#### Directions for this task:
Every line of the records below that holds the word "Plastic" should be copied out.

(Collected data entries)

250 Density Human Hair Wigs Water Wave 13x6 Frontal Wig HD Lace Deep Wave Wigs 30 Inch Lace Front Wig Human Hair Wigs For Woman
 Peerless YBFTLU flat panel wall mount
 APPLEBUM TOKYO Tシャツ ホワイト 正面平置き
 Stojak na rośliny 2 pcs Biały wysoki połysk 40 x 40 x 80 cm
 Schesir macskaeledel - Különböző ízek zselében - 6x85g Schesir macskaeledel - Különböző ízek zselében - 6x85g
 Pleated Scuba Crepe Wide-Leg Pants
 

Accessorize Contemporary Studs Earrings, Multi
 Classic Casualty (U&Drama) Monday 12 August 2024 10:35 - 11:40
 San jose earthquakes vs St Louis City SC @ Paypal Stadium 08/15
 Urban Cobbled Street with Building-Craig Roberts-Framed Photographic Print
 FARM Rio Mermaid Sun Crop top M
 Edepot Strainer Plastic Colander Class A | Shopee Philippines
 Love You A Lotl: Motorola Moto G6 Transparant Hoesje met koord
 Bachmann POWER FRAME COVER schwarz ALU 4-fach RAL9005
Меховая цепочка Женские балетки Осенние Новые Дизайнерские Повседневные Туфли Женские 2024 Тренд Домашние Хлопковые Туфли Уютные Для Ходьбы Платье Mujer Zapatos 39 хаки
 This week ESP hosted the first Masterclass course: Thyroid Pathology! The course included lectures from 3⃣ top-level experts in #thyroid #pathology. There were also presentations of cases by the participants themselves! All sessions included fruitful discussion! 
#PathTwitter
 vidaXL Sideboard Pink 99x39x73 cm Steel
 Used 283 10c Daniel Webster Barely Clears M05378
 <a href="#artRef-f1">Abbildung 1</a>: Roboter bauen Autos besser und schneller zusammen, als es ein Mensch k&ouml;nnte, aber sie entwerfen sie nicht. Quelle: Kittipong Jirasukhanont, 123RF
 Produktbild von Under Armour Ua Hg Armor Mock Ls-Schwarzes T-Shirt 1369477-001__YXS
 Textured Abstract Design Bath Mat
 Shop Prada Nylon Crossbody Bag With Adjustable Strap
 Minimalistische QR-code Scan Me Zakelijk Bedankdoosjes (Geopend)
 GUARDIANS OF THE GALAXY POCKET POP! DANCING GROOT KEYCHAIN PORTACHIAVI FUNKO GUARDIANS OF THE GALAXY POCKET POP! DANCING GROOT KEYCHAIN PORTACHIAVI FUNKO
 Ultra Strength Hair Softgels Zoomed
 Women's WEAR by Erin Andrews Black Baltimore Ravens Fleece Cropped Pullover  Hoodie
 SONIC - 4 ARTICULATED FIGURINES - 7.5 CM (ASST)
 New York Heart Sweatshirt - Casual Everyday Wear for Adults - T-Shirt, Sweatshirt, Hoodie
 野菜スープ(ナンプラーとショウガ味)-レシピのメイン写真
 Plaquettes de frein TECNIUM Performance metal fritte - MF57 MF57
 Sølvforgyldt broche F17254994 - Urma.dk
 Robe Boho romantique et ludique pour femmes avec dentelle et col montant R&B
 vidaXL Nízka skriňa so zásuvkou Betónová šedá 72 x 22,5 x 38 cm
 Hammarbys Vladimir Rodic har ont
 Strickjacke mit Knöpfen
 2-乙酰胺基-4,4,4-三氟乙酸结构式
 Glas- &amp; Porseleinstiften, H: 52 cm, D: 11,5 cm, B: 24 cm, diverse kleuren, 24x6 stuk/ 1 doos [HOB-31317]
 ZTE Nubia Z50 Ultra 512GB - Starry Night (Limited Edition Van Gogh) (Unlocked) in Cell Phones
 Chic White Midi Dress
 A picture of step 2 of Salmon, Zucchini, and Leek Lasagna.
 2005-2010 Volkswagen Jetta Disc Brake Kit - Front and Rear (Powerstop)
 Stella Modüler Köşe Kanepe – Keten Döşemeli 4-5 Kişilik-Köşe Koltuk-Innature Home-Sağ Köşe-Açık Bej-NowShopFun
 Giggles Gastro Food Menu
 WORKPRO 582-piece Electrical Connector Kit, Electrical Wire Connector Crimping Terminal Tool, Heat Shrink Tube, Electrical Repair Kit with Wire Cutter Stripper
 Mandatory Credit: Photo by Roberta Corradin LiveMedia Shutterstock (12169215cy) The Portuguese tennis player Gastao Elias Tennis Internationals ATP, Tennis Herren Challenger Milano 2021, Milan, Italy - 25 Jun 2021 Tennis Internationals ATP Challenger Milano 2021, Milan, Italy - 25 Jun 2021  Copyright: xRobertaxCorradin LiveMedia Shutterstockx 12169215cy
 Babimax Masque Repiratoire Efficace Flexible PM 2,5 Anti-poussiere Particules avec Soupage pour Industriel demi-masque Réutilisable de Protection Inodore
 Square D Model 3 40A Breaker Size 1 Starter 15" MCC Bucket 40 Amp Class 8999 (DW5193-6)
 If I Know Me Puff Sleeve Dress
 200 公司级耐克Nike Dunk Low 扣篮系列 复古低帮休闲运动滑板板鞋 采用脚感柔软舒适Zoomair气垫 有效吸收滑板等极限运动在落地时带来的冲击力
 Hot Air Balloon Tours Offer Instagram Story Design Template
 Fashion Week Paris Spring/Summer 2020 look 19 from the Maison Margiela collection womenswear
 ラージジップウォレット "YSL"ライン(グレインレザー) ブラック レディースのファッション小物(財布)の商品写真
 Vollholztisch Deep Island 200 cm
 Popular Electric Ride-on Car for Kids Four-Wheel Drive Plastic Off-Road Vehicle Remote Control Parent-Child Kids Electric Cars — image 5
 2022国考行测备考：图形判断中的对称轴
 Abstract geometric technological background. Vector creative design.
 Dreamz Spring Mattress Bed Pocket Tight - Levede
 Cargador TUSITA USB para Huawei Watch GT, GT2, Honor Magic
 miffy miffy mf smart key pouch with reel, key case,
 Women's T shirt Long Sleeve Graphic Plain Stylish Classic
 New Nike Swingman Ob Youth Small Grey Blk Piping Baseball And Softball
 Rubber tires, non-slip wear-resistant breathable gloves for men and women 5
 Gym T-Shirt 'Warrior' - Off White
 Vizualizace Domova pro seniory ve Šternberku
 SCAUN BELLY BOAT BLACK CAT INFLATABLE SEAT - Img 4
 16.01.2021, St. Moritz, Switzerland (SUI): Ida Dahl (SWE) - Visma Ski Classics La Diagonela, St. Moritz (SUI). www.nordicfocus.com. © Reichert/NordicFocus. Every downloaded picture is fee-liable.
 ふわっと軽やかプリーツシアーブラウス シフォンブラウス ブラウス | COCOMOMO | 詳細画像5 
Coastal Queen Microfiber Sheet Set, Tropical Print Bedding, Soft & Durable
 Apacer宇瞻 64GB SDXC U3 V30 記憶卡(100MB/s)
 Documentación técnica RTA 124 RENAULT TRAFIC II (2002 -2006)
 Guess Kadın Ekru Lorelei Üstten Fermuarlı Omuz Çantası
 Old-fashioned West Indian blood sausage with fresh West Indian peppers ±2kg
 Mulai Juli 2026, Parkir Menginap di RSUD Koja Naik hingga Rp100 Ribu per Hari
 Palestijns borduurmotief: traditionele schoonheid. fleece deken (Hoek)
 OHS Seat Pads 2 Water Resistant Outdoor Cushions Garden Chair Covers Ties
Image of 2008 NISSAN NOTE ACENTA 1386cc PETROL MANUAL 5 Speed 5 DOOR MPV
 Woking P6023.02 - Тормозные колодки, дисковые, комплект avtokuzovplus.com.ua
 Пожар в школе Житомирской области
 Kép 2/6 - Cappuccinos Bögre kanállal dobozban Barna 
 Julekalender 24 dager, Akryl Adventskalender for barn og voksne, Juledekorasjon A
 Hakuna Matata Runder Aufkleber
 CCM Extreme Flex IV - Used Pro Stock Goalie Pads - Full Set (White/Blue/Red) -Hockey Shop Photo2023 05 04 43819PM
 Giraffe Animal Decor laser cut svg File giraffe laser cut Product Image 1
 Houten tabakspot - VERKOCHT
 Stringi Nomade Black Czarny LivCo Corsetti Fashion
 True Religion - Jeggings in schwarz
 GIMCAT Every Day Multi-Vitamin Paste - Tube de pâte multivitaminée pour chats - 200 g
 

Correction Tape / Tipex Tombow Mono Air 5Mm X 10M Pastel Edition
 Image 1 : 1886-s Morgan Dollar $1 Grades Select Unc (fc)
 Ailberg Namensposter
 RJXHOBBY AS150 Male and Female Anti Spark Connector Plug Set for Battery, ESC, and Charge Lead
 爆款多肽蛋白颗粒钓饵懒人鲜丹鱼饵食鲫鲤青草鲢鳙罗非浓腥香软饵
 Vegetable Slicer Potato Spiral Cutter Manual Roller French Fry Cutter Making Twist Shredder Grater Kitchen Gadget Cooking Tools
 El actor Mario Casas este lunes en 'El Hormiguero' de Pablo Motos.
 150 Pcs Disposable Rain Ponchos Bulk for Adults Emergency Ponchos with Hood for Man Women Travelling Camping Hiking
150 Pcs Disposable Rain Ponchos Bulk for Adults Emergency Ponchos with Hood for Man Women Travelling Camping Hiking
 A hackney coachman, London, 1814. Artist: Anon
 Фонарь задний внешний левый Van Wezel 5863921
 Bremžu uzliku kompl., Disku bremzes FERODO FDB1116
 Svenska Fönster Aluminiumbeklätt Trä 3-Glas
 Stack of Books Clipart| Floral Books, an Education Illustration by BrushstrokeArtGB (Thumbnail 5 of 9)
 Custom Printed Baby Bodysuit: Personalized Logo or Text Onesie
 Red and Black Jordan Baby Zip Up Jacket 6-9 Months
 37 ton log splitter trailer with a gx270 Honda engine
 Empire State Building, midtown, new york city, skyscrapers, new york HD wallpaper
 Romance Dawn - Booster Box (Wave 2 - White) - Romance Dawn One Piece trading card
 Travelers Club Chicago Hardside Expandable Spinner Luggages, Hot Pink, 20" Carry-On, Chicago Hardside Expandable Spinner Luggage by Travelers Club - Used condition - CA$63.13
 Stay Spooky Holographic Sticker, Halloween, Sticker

#### Task output:
 Edepot Strainer Plastic Colander Class A | Shopee Philippines
 Popular Electric Ride-on Car for Kids Four-Wheel Drive Plastic Off-Road Vehicle Remote Control Parent-Child Kids Electric Cars — image 5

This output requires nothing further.